**Information supplied**:

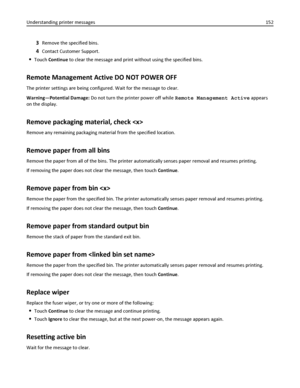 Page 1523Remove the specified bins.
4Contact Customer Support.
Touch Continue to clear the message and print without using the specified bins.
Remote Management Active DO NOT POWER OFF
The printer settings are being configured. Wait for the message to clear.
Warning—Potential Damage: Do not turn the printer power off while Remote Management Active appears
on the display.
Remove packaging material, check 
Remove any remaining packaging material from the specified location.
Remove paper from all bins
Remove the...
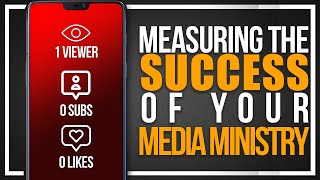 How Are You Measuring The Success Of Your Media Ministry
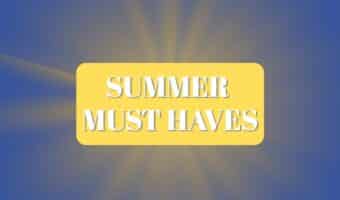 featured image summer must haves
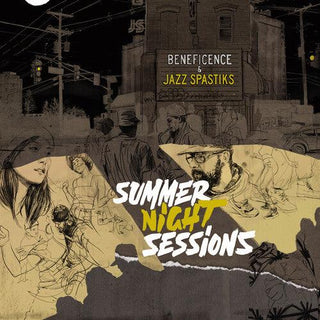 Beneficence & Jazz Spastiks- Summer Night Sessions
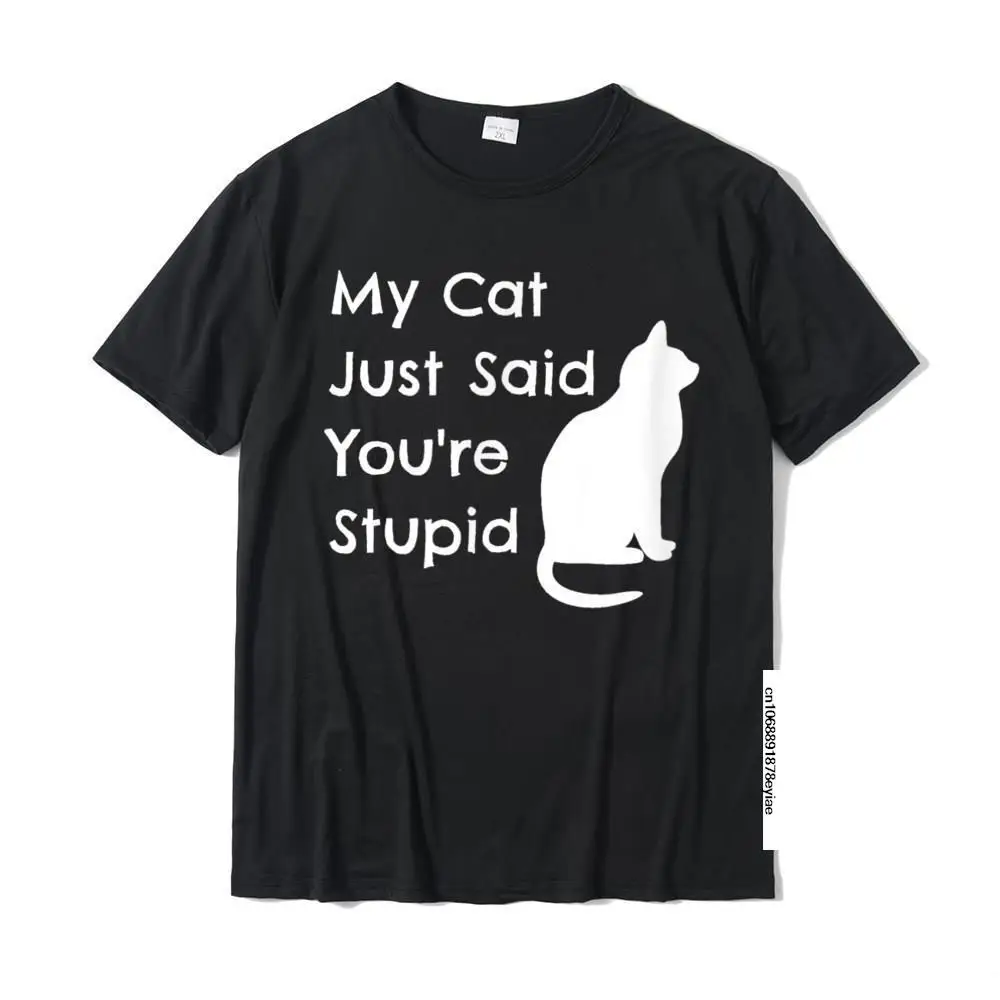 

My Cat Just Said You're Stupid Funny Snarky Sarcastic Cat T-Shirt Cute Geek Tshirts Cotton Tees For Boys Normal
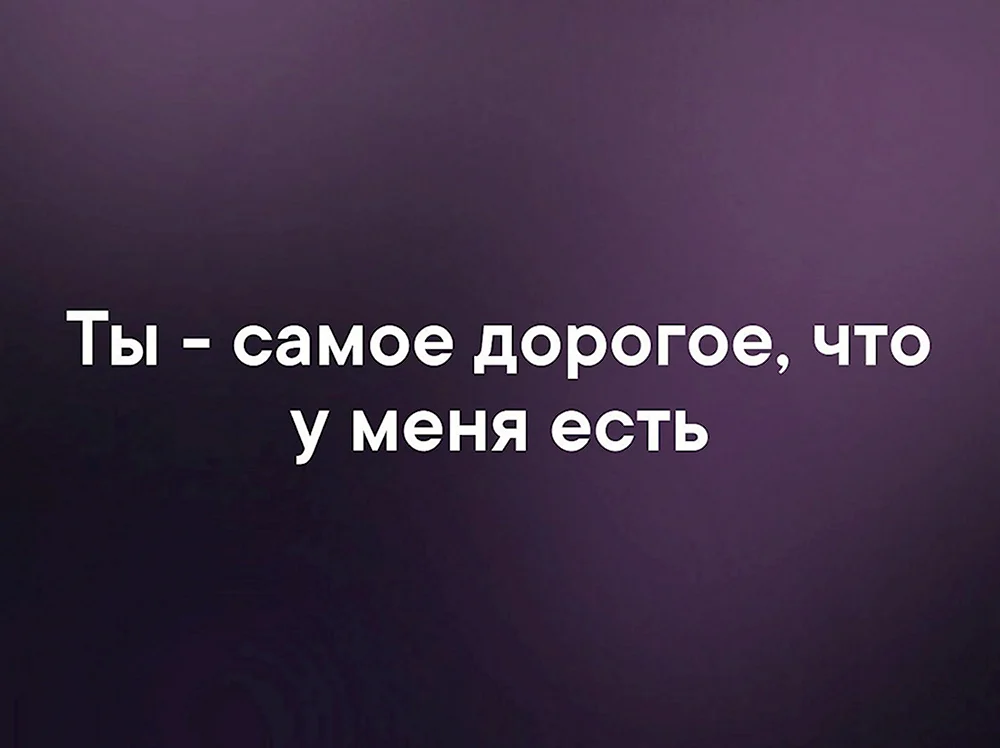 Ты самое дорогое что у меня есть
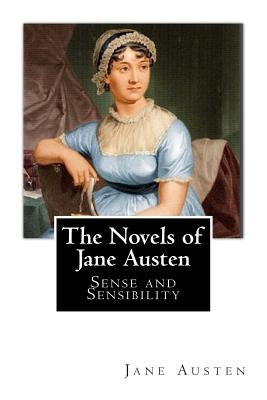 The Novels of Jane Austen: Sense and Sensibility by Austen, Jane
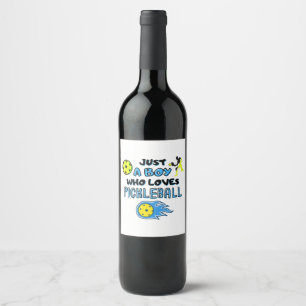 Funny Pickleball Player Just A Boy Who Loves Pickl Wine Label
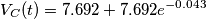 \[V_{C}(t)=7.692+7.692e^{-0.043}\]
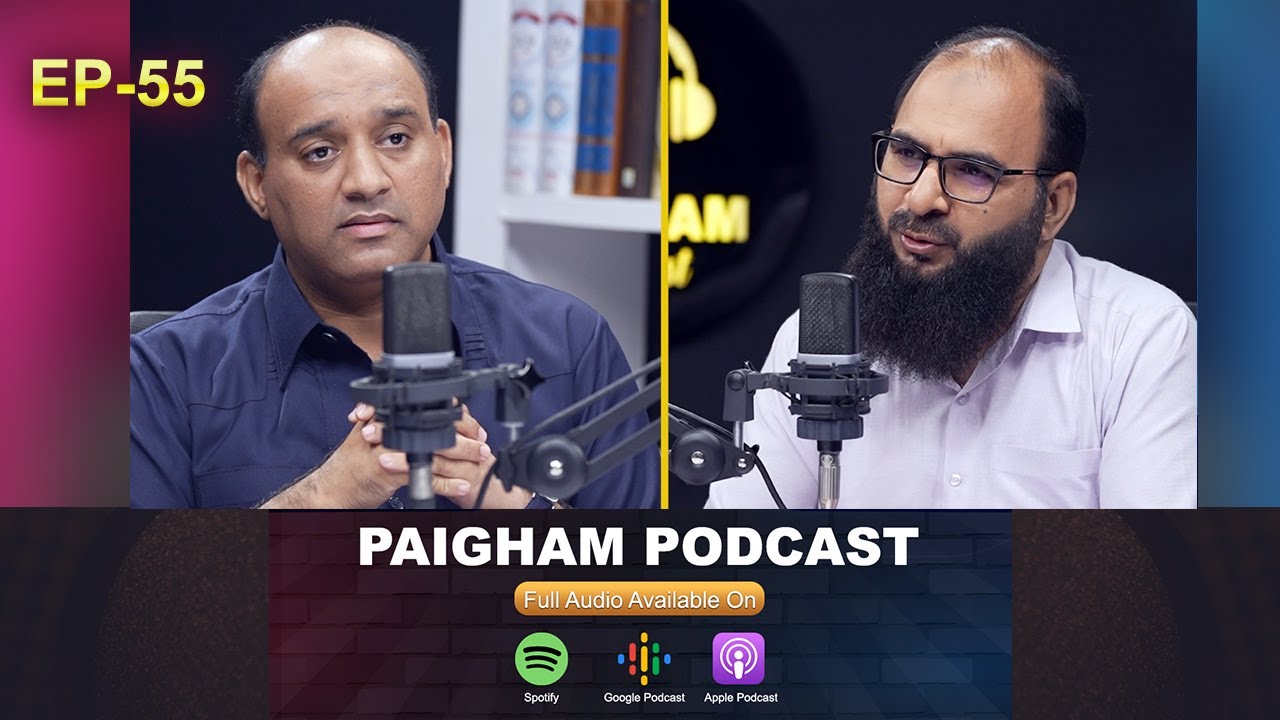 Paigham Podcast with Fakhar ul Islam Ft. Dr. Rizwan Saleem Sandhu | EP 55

**Work task**:
Nothing but the lines from the one holding "Remove packaging material, check" through the last line of the entries should be written out, exactly and inclusively, minus the pictures.

**Solution to this task**:
Remove packaging material, check 
Remove any remaining packaging material from the specified location.
Remove paper from all bins
Remove the...
 How Are You Measuring The Success Of Your Media Ministry
 featured image summer must haves
 Beneficence & Jazz Spastiks- Summer Night Sessions

My Cat Just Said You're Stupid Funny Snarky Sarcastic Cat T-Shirt Cute Geek Tshirts Cotton Tees For Boys Normal
 Ты самое дорогое что у меня есть
 The Novels of Jane Austen: Sense and Sensibility by Austen, Jane
 Funny Pickleball Player Just A Boy Who Loves Pickl Wine Label
 \[V_{C}(t)=7.692+7.692e^{-0.043}\]
 Paigham Podcast with Fakhar ul Islam Ft. Dr. Rizwan Saleem Sandhu | EP 55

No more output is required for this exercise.